Heather is wrong to say that Labour can’t snag some of the fleeing National voters who will, inevitably, leave the party fold after Key’s resignation. In fact, I suspect Labour will likely get a 1% bump even without trying from the news, as there were many Key supporters who had come from Labour’s tribe and supported Labour values. At least some of those people will look at their options and conclude that now is the time to re-enter the fold as Labour supporters. It could even be more than a 1% bump if Little can come up with an appealing positive vision for Labour heading into 2020. But Heather is absolutely right to imply that much of the loss from National is likely to either head towards NZ First or simply into the non-voter pile, at least in the next couple of polls.

Speaking of polling, all the 2016 trends before now are essentially out the window. (And we’ll have no way of knowing if the recent surge for National after a slow trend towards Labour and the Greens for much of 2016 was temporary or semi-permanent, as we’re now all expecting a noticable falloff in the Government’s polling this month anyway) We are looking at a different government now, no matter how much National wishes to maintain continuity. Heather is wrong to keep bashing Labour over the head with recent polling. We should be waiting and seeing where they poll after Key’s resignation in terms of looking at horse race results, and those numbers aren’t going to be out until we’re well into the holiday season, so there’s really no room for numbers-based reporting until then.

Nick Legett’s defection, seen by mainstream pundits as somehow a reflection on Labour, really says a lot more about what a centrist sell-out Nick Legett is, and why Wellington so soundly rejected him. He belongs in the National Party, and always did as far as I’m concerned. Good riddance to bad rubbish, the Left doesn’t need pretenders taking up space in its ranks, and National needs more moderate liberals to adjust to the new political consensus John Key has forged, where National can no longer win by selling themselves as a purely right-wing party. John Key’s political legacy, arguably, is ceding the war to the Left in order to win the battle: a concession that conservative right-wing governments in an MMP era is asking too much of a liberal, centrist electorate.

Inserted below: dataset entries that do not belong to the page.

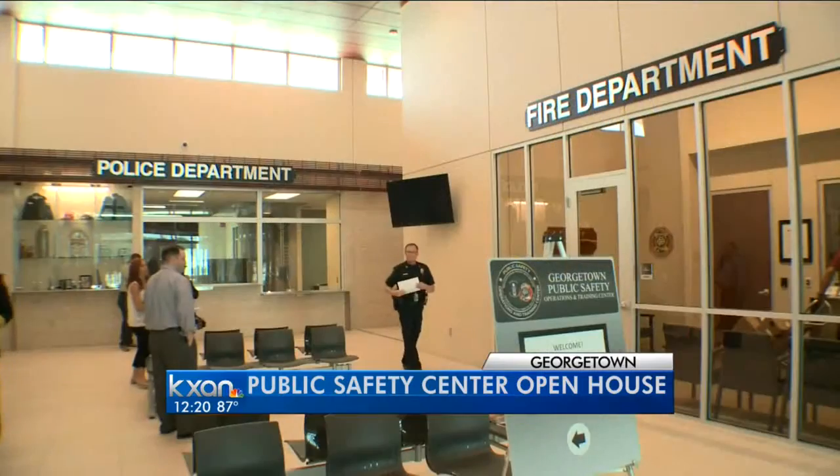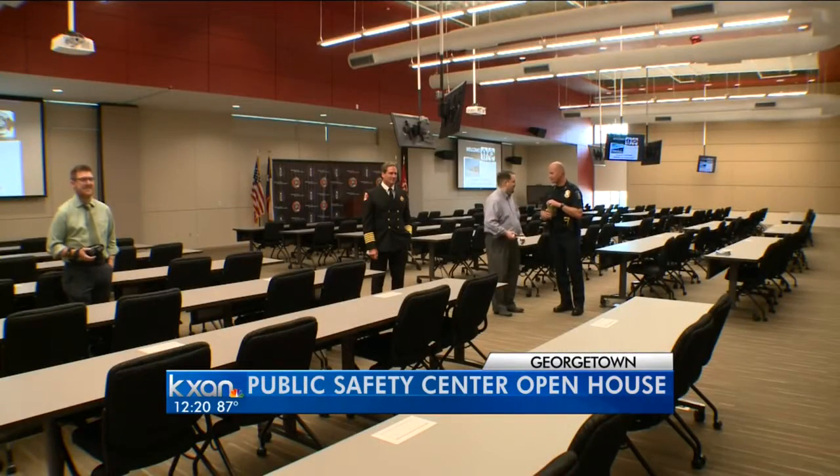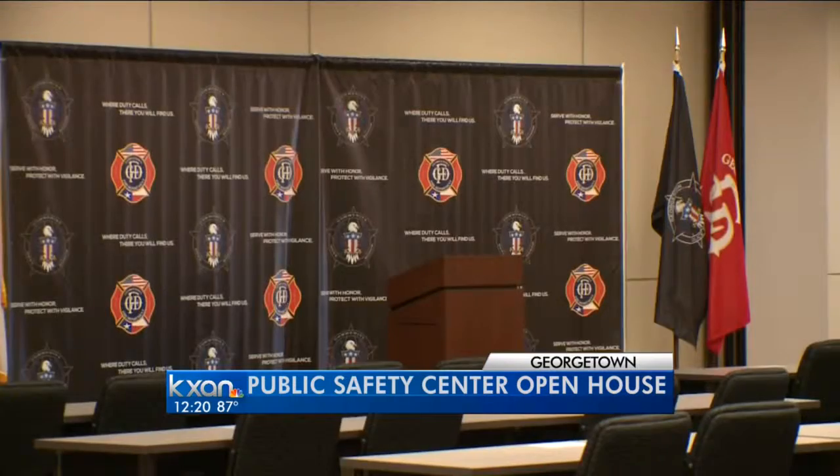Inside, they have classrooms. Dispatchers work out of the same building, sending officers and firefighters to emergencies. They also have a fire tower and shooting range so they can train on site.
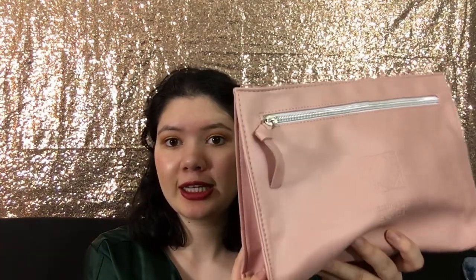So during Black Friday, Ofra had two mystery boxes — a $25 mystery box and a $59 mystery box. They extended the sale and I got this on sale for $35, and it was the $59 mystery box. It comes with a bunch of stuff, so let's get started.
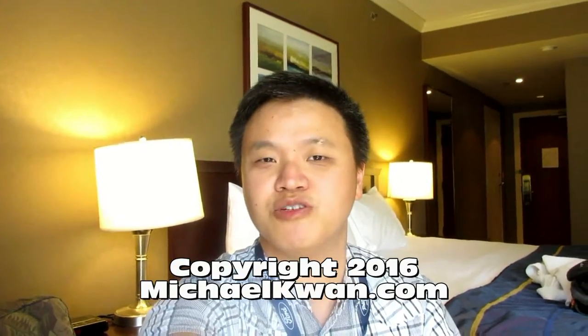I am Michael Kwan for Beyond the Rhetoric. Thanks for watching my video tour here at the Harrison Hot Springs Resort and Spa. If you're interested in travelling to other parts of the world, I have lots of other videos on my YouTube channel covering where I've stayed in Australia, Paris, Rome, San Francisco, Las Vegas, New York, and more. Make sure you like and comment to let me know what you think and how I can improve in future videos. Thanks for watching and I'll catch you guys next time.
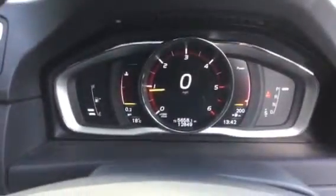We also have the integrated satellite navigation, and the mileage is a little under 13,000 miles at £12,849. Moving to the rear, we can see the rear door cards and rear seats, again all in charcoal leather.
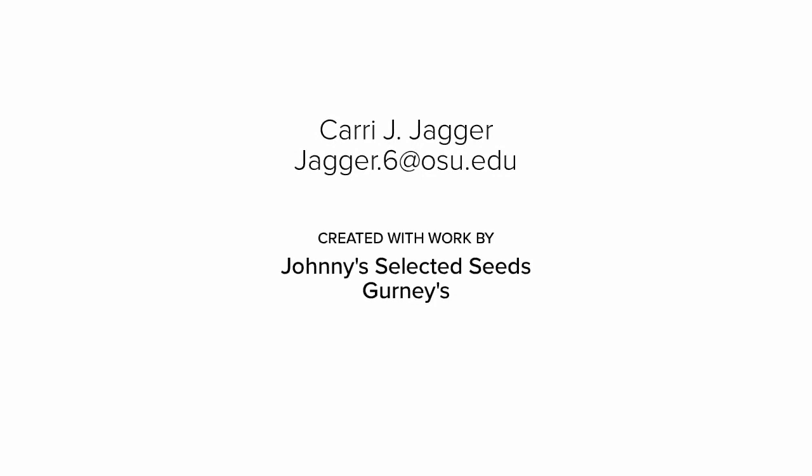Thank you for watching my video, and if you have any questions feel free to email me at jagger.6@osu.edu.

Heather’s also wrong to take issue with Little’s comments about “not knowing what the centre is.” He’s actually being reasonably savvy here- Centre voters love to be talked about in terms of being politically unlabelled, defying the conventional wisdom, and being just ordinary people. In its full context, Little was actually pandering to the centre while simultaneously saying he’s not trying to and managing to sound honest at the same time. By the standards of new-millennium kiwi political rhetoric, (hint: those are pretty low thanks to our former Prime Minister, and his predecessor wasn’t exactly one for rhetoric even though she was an excellent politician) this was practically masterful.

Little should also know that the advice to go hard for the centre is bad advice. Labour performs its worst when it’s self-conscious about where it is positioning itself. If it wants to be the nexus of a left-wing government in 2017, Little will need to lead Labour towards its own electoral identity, one with a populist appeal to working and struggling New Zealanders, that can plausibly say it will do better for ordinary kiwis than National. It should be picking policies that resonate with Labour’s identity, not because they think they will sell well to the centre. If Cunliffe showed anything positive about New Zealand politics, it’s that people are willing to be persuaded to policies they disagree with if they’re told how they’ll benefit the public, and that the electorate does have respect for politicians who will tell them things like they are.

Little doesn’t necessarily need the politics of the Centre to win, although he’d be wise to keep a big tent. He needs a politics of honesty and integrity. There are missing and demotivated voters out there who have been waiting to hear a left-wing message from Labour too, and if Little can get them without scaring away the centre as well, then his confidence may not be misplaced.